Autoantibodies Induce Autoimmunity
- Autoantibodies target the body's own cells, tissues, or proteins, disrupting normal processes and causing inflammation/tissue damage.
- Autoantibodies bind to specific self-antigens, triggering inflammation or tissue destruction.
- They can activate the complement system, leading to cell lysis or inflammation.
- Autoantibodies mark cells for destruction by phagocytes.
- They can interfere with receptor function by blocking or stimulating receptor activity.
- Autoantibodies form immune complexes with soluble self-antigens, depositing in tissues and triggering inflammation.

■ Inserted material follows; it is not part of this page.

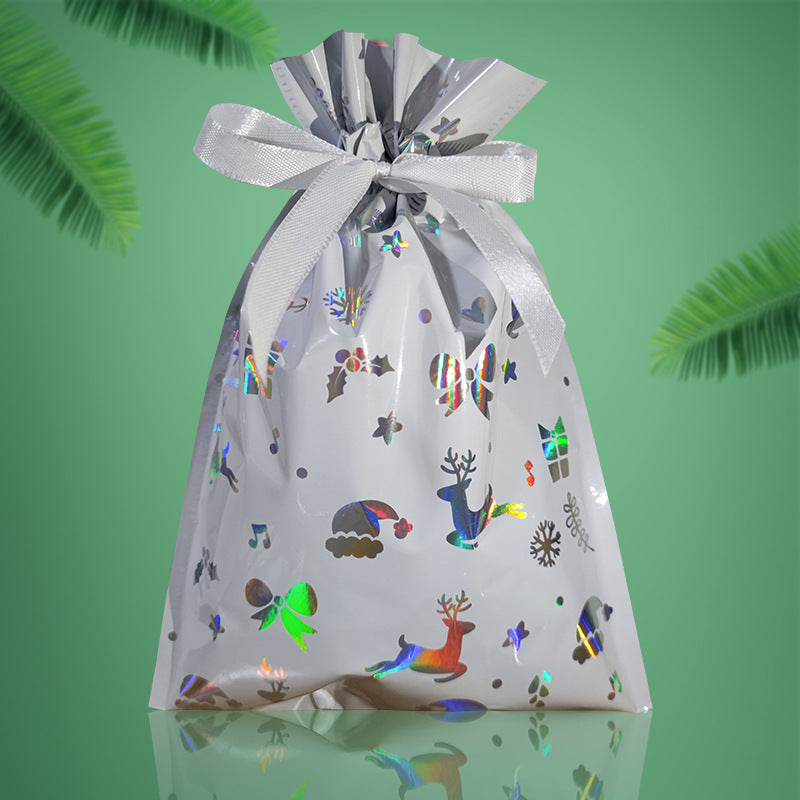 Christmas gift bag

- Autoantibodies trigger autoimmunity when pathogens mimic the body's proteins, leading B cells to produce antibodies against self-antigens accidentally.
- Mutated autoantibodies have also been studied as a potential mechanism.
- Myocardial infarction includes an example of an autoimmune disease, where autoantibodies build up in the heart.
Systemic Lupus Erythematosus (SLE)
- A 30-year-old female presents with fatigue, weight loss, arthritis of her hands, and a malar rash.
- Findings supports Systemic Lupus Erythematosus (SLE).
- Blood tests reveal decreased hemoglobin and the presence of antinuclear antibodies.
- Common systemic symptoms SLE include fatigue and weight loss.
- Non-erosive arthritis is a hallmark of SLE.
- A butterfly-shaped rash on the cheeks is very characteristic of SLE.
- Decreased hemoglobin is suggestive of anemia, often autoimmune hemolytic anemia in SLE.
- Antinuclear antibodies (ANA) are highly sensitive for SLE and present in most cases.